Refusing to postpone the boxing challenge, Jai wraps his right hand in a cast and continues to train with the support of Farah and Mustafa, using only his left hand to throw punches. After 15 days, Jai faces Shakib in the match, which is monitored by Masood Azhar and several Lashkar-e-Taiba members on live television. During the match, Shakib targets Jai's ribs and scores multiple knockdowns. Jai refuses to let Mustafa throw in the towel and surprises Shakib by throwing a barrage of punches with his injured right hand in the ninth round, knocking Shakib unconscious and winning the match. After the final bell, Masood Azhar switches off the television in disgust while Jai begins singing Vande Mataram along with the jubilant crowd.

==Cast==

- Navdeep as Jairam, also known as Jai
- Santhoshi as Farah
- Ayesha Jhulka as Jai's mother
- Salim Baig as Shakib
- Tanikella Bharani as Mustafa
- Abhinayashree
- Venu Madhav as Sachin Undulkar, the school principal
- Duvvasi Mohan as an auto rickshaw driver
- Venu Yeldandi as Jai's friend
- Geetha Singh as Farah's friend
- Chammak Chandra as Sheikh's supporter
- Dhanraj
- Junior Relangi as a college professor
- Chitti Babu as a priest

- Tamil version
- Pandiarajan as Sachin Undulkar, the school principal
- Chinni Jayanth as an auto rickshaw driver
- Madhan Bob
- Chitti Babu as a chemistry professor

==Production==
The film was shot in Hyderabad, Pollachi, and Chalakudy.

==Soundtrack==
The music was composed by Anup Rubens and released by Sohan Audio.

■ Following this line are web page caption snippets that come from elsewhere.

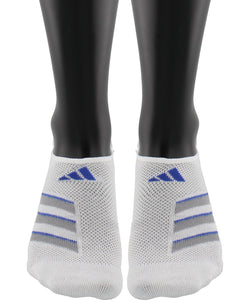 Adidas Superlite No-show Socks 3-pack White thumbnail 2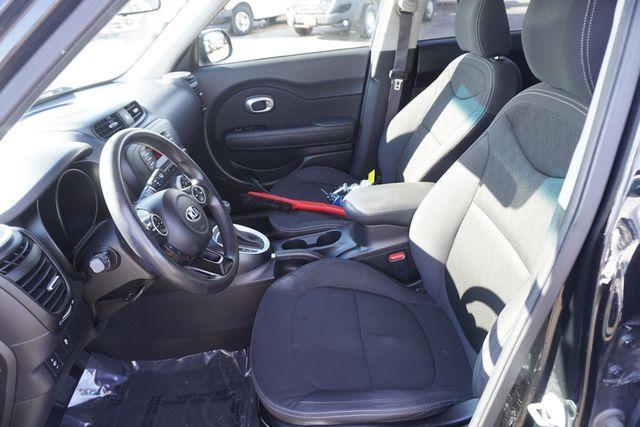 used 2015 Kia Soul car, priced at $6,994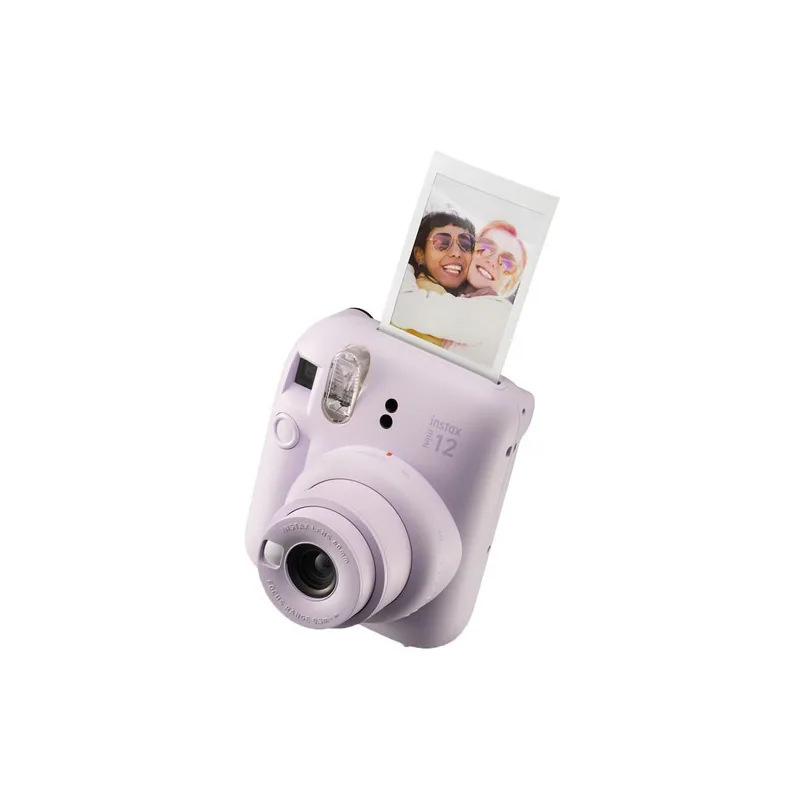 Fujifilm Instax Mini 12 (Lilac Purple) 2
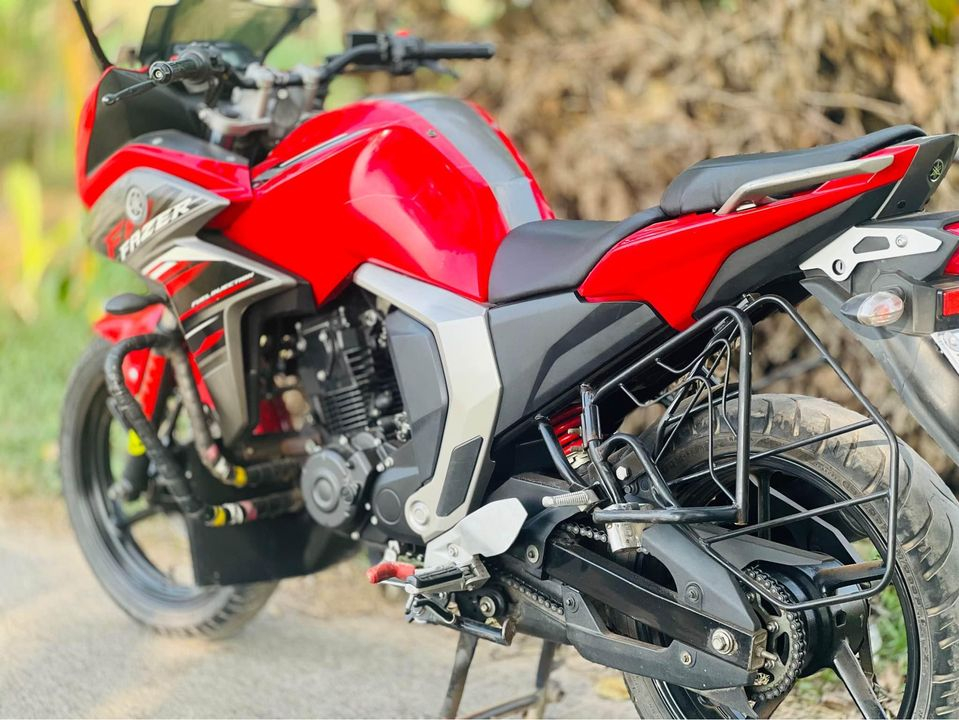 Yamaha_Fazer 2022 for sell. Sera Bikes - Used Bikes Price in Bangladesh. Buy/Sell Second Hand MotorCycles. SeraOffers.com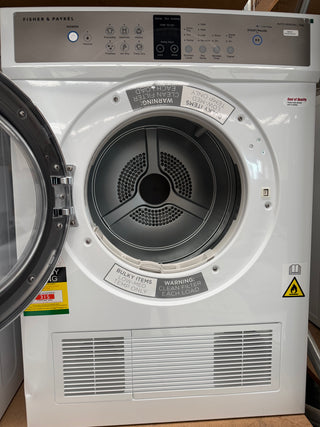 *Current Model* Fisher & Paykel 7kg Vented Dryer DE7060G2 [Factory Second]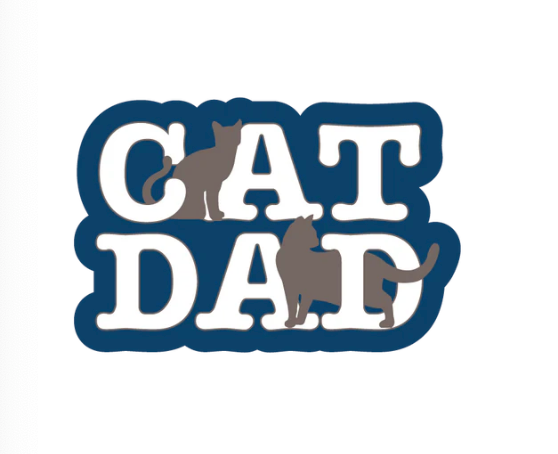 Single Decal (Pack of 8)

Lyrics for the soundtrack were written by Kulasekhar.

- Tamil Track list
- "Dama Dama" - Shankar Mahadevan
- "Chinna Nenjile" - Sumangali
- "Oh Manase" - S. P. B. Charan
- "Vande Matharam" - Baby Vaishali, Harish Raghavendra
- "Un Kaiyil" - Sujatha Mohan
- "Kannin Maniye" - Malliga Arun, K. S. Chithra
- "Suruttamma" - Anuradha Sriram, Manikka Vinayagam
- "Music Bit" - Anup Rubens

Telugu Track list
| No. | Title | Singer(s) | Length |
|---|---|---|---|
| 1. | "Jai Jai" | Master Manu, Anup Rubens, Tippu | 4:51 |
| 2. | "Enni Ashalo" | Shreya Ghoshal | 4:48 |
| 3. | "O Manasa O Manasa" | Anup Rubens, Usha | 4:52 |
| 4. | "One Two Three" | Tippu | 5:07 |
| 5. | "Vandemataram (Desam Manade)" | Hemachandra, Sravana Bhargavi | 4:25 |
| 6. | "Nee Kosame" | Mallikarjun, K. S. Chithra | 5:32 |
| 7. | "Naa Chethilona" | Sumangali | 3:05 |
| 8. | "Chuttammo" | Lalitha | 3:57 |
| Total length: |  |  | 36:37 |

==Reception==
The film received mixed reviews from critics, who criticized the jingoistic themes of the screenplay and the logical inconsistency of Pakistani characters speaking Telugu instead of Urdu. A review from Idlebrain.com rated the film 3/5 and wrote that "Instead of concentrating more on what he is good at, director Teja has chosen to elaborate and exploit the patriotism aspect. He failed in getting emotions right through patriotic episodes". Similarly, a critic from Sify wrote that "On the whole Jai is packaged with patriotism and Paki-bashing and lacks logic and finesse."